The answer from the criminals came with two shots, both missed. Both criminals immediately found their arms webbed to the car, and found it extremely difficult to pull the triggers on their pistols. Next he jumped up, webbed the hood and pulled up hard. As he wanted, the hood came up, blinding the driver. However, he wasn't done. If he left them like this, the yahoos would probably try to keep fleeing. That would put more people into danger, but he had a plan for this.
Webbing the tires of the car, and slowing it, he jumped up and hit the car at the right crux. The car, using the wheels as a fulcrum, launched its rear end up, and Spider-Man webbed that to two light poles and one telecommunications pole. Jumping off, he webbed the now dangling front end to the street below, effectively suspending the car in midair. Just in time for the criminals not buckled in, to slam into the seats in front of them. Spider-Man was courteous enough to web them to those spots, for "safety."
"Now, fellas, it didn't have to end this way," Spider-Man said. "We could be sipping overpriced coffee and dealing with your parental abandonment issues, or whatever drove you to this life. Now, you'll get to do it with the cops, but their coffee sucks. Anyway, catch you later!"
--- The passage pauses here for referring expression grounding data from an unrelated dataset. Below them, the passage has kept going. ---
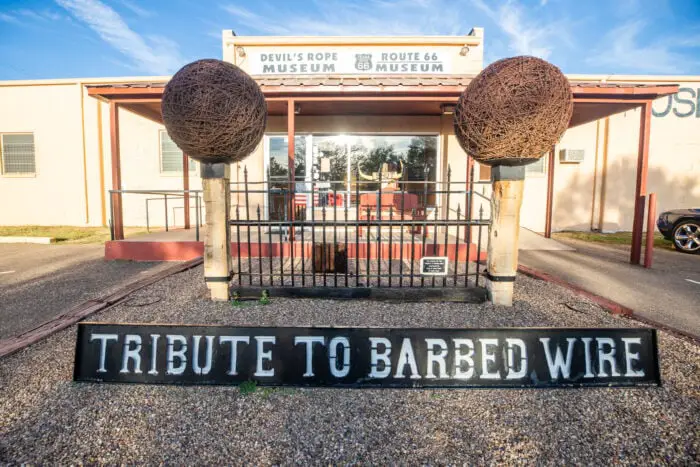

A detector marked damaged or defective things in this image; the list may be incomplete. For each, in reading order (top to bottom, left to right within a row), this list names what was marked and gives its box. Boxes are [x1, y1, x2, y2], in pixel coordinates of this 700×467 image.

rusty barbed wire sphere [162, 59, 268, 165]
rusty barbed wire sphere [454, 56, 576, 166]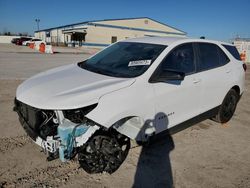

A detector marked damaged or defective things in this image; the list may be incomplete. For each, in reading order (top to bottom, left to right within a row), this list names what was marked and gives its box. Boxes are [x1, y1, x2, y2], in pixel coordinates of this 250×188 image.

damaged front end [13, 99, 131, 174]
crumpled hood [16, 63, 136, 109]
broken headlight [62, 103, 97, 124]
damaged vehicle [13, 36, 244, 173]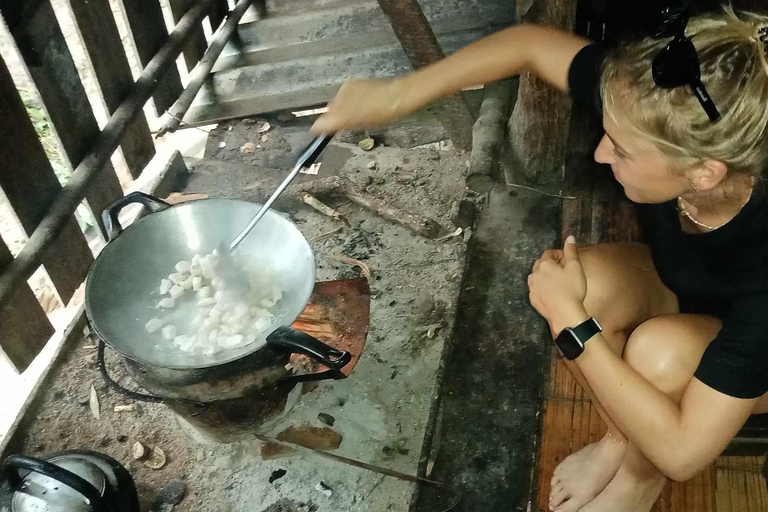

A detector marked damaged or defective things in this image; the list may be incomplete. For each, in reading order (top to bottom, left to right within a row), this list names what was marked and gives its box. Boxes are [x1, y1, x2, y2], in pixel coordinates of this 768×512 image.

rusty metal sheet [0, 51, 94, 304]
rusty metal sheet [3, 0, 123, 238]
rusty metal sheet [69, 0, 158, 178]
rusty metal sheet [122, 0, 185, 115]
rusty metal sheet [170, 0, 208, 71]
rusty metal sheet [0, 238, 54, 374]
rusty metal sheet [290, 278, 370, 378]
He leapt away just as the cop cars arrived, and to plausibly deny he heard their commands to halt. Instead, he swung away to one of his favorite places in the city, with a good view of Avengers Tower. Taking a quick breath, he continued cycling through the police bands, looking for another other trouble that he could stop. He was used to J. Jonah Jameson's rants at this point, but every so often, they still hurt. Maybe it was the recent loss of the big guy, but Spider-Man was easily feeling like the cards were stacked against him.
"In latest news, it seems New York's very own Spider-Man is moonlighting in San Francisco," he heard from a news podcast. He switched back to the station for more information. "I tell you, our resident spider has either gotten a lot of frequent flyer miles recently, or is now teleporting. San Francisco authorities are giving us information now that they have a manhunt under way. They've also reached out to New York police for assistance in apprehending Spider-Man.
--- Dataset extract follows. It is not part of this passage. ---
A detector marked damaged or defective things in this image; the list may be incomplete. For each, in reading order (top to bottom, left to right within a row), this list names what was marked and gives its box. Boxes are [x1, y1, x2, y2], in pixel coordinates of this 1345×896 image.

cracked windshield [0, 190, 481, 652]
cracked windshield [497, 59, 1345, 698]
Most of the reports say that he has taken to more brutal methods of dealing with criminals in San Francisco. Though here in New York, he seems to be his friendly neighborhood self. Still, some of these criminals have had their brains devoured, or were left with life changing injuries. Stay tuned True Believers and I'll be back from break with more information."
"Venom," Spider-Man sighed. "I need to get out there and stop him. It figures I'd get the blame. Black costume, a very nice look though, just once in my career, and now anyone who copycats it is me. I need a vacation."